▶ **Task brief**
The answer must be an exact transcription of all the records below.

▶ **Records supplied**
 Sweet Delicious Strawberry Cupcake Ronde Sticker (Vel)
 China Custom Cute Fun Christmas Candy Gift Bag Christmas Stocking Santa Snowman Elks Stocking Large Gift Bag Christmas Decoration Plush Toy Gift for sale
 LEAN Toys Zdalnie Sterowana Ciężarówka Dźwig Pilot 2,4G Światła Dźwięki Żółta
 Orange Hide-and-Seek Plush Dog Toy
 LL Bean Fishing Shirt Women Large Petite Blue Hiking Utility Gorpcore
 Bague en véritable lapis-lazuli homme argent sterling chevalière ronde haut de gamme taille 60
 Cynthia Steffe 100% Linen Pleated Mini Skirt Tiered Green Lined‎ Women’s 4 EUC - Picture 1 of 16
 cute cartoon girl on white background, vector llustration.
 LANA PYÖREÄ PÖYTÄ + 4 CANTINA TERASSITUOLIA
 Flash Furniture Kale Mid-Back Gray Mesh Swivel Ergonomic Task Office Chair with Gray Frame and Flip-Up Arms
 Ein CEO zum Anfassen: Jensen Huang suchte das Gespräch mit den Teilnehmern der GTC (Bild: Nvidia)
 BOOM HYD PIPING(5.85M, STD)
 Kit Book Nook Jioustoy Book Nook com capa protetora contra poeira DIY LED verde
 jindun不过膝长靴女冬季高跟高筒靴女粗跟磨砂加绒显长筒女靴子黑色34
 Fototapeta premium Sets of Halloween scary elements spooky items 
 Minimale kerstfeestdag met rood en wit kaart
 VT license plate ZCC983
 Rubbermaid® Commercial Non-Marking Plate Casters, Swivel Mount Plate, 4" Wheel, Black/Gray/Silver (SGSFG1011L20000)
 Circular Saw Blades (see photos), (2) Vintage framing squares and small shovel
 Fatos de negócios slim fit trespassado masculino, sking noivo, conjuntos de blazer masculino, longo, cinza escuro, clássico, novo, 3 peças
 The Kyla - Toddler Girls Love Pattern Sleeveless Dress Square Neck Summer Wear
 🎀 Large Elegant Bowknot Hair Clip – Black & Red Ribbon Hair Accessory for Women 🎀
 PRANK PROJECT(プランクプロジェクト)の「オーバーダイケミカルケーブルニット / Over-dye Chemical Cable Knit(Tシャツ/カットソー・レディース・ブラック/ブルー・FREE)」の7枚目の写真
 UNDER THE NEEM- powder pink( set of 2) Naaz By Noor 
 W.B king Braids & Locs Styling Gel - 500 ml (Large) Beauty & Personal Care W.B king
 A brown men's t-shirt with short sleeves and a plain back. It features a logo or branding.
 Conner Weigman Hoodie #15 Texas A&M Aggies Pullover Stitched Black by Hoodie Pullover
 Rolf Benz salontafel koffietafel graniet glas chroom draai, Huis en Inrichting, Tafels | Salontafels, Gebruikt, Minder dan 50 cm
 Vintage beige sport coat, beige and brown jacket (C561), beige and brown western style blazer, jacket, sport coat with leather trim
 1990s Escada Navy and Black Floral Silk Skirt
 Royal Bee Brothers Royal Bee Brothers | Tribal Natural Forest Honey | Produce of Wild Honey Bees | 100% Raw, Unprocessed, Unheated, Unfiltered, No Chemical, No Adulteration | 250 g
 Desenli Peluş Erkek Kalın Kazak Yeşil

▶ **Reply to the exercise**
 Sweet Delicious Strawberry Cupcake Ronde Sticker (Vel)
 China Custom Cute Fun Christmas Candy Gift Bag Christmas Stocking Santa Snowman Elks Stocking Large Gift Bag Christmas Decoration Plush Toy Gift for sale
 LEAN Toys Zdalnie Sterowana Ciężarówka Dźwig Pilot 2,4G Światła Dźwięki Żółta
 Orange Hide-and-Seek Plush Dog Toy
 LL Bean Fishing Shirt Women Large Petite Blue Hiking Utility Gorpcore
 Bague en véritable lapis-lazuli homme argent sterling chevalière ronde haut de gamme taille 60
 Cynthia Steffe 100% Linen Pleated Mini Skirt Tiered Green Lined‎ Women’s 4 EUC - Picture 1 of 16
 cute cartoon girl on white background, vector llustration.
 LANA PYÖREÄ PÖYTÄ + 4 CANTINA TERASSITUOLIA
 Flash Furniture Kale Mid-Back Gray Mesh Swivel Ergonomic Task Office Chair with Gray Frame and Flip-Up Arms
 Ein CEO zum Anfassen: Jensen Huang suchte das Gespräch mit den Teilnehmern der GTC (Bild: Nvidia)
 BOOM HYD PIPING(5.85M, STD)
 Kit Book Nook Jioustoy Book Nook com capa protetora contra poeira DIY LED verde
 jindun不过膝长靴女冬季高跟高筒靴女粗跟磨砂加绒显长筒女靴子黑色34
 Fototapeta premium Sets of Halloween scary elements spooky items 
 Minimale kerstfeestdag met rood en wit kaart
 VT license plate ZCC983
 Rubbermaid® Commercial Non-Marking Plate Casters, Swivel Mount Plate, 4" Wheel, Black/Gray/Silver (SGSFG1011L20000)
 Circular Saw Blades (see photos), (2) Vintage framing squares and small shovel
 Fatos de negócios slim fit trespassado masculino, sking noivo, conjuntos de blazer masculino, longo, cinza escuro, clássico, novo, 3 peças
 The Kyla - Toddler Girls Love Pattern Sleeveless Dress Square Neck Summer Wear
 🎀 Large Elegant Bowknot Hair Clip – Black & Red Ribbon Hair Accessory for Women 🎀
 PRANK PROJECT(プランクプロジェクト)の「オーバーダイケミカルケーブルニット / Over-dye Chemical Cable Knit(Tシャツ/カットソー・レディース・ブラック/ブルー・FREE)」の7枚目の写真
 UNDER THE NEEM- powder pink( set of 2) Naaz By Noor 
 W.B king Braids & Locs Styling Gel - 500 ml (Large) Beauty & Personal Care W.B king
 A brown men's t-shirt with short sleeves and a plain back. It features a logo or branding.
 Conner Weigman Hoodie #15 Texas A&M Aggies Pullover Stitched Black by Hoodie Pullover
 Rolf Benz salontafel koffietafel graniet glas chroom draai, Huis en Inrichting, Tafels | Salontafels, Gebruikt, Minder dan 50 cm
 Vintage beige sport coat, beige and brown jacket (C561), beige and brown western style blazer, jacket, sport coat with leather trim
 1990s Escada Navy and Black Floral Silk Skirt
 Royal Bee Brothers Royal Bee Brothers | Tribal Natural Forest Honey | Produce of Wild Honey Bees | 100% Raw, Unprocessed, Unheated, Unfiltered, No Chemical, No Adulteration | 250 g
 Desenli Peluş Erkek Kalın Kazak Yeşil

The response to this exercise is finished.